El parlamentarismo consiste en convencer a unos y otros de una verdad, de una estrategia a seguir
Dicho esto, la democracia tiene algo de falsaria. Al ser representativa, el pueblo cuenta con poco poder a la hora de la verdad y, como en tantas otras sociedades humanas, también en nuestras democracias el poder real lo atesoran élites que representan una parte muy reducida de la población total. Se trata de un dato objetivo, este último, que obedece el principio de Pareto, que describe el fenómeno estadístico según el cual en toda población que contribuye a un efecto común, es una proporción muy pequeña la que contribuye a la mayor parte de ese mismo efecto. Y, sin duda, la política y la economía ejercen efectos comunes, pero solo una población muy reducida contribuye a la mayor parte de ese efecto total. Pareto establece, por ejemplo, que el «80% de la riqueza del país estaba en manos del 20% de la población»; algo similar a lo que ocurre con el poder político.

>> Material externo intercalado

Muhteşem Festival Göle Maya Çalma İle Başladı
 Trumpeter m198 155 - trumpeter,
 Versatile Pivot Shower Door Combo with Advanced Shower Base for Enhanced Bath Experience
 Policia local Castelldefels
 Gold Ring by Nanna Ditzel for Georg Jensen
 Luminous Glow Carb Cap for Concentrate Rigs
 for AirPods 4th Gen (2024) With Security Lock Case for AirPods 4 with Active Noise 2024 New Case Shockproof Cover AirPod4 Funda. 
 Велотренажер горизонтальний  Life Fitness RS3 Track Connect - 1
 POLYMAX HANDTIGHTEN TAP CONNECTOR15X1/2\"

Por otro lado, la democracia y el parlamentarismo se sustentan filosóficamente en principios relativistas. El parlamentarismo consiste en convencer a unos y otros de una verdad, de una estrategia a seguir. Por lo que sus procesos se sustentan en una duda radical con respecto a la verdad. La democracia no cree en valores ni verdades absolutas. Como dice Manuel Aragón en relación con el politólogo Carl Schmitt: «…si se cree en la existencia de lo absoluto –de lo absolutamente bueno, en primer término, ¿puede haber nada más absurdo que provocar una votación para que decida la mayoría sobre ese absoluto en que se cree? Frente a la autoridad de este sumo bien no puede haber más que la obediencia ciega y reverente para con aquel que, por poseerlo, lo conoce y lo quiere […] Pero, si se declara que la verdad y los valores absolutos son inaccesibles al conocimiento humano, ha de considerarse posible al menos no solo la propia opinión, sino también la ajena y aun contraria. Por eso, la concepción filosófica que presupone la democracia es el relativismo. La democracia concede igual estima a la voluntad política de cada uno, porque todas las opiniones y doctrinas políticas son iguales para ella, por lo cual les concede idéntica posibilidad de manifestarse y de conquistar las inteligencias y voluntades humanas…»
De este modo, la filosofía parcial o totalmente relativista que domina el pensamiento moderno y contemporáneo sirve, también, de contrapartida intelectual a la realidad política estipulada por la democracia. Tanto la epistemología kantiana, por poner un ejemplo, como el parlamentarismo democrático niegan nuestra capacidad para acceder una verdad en sí o absoluta.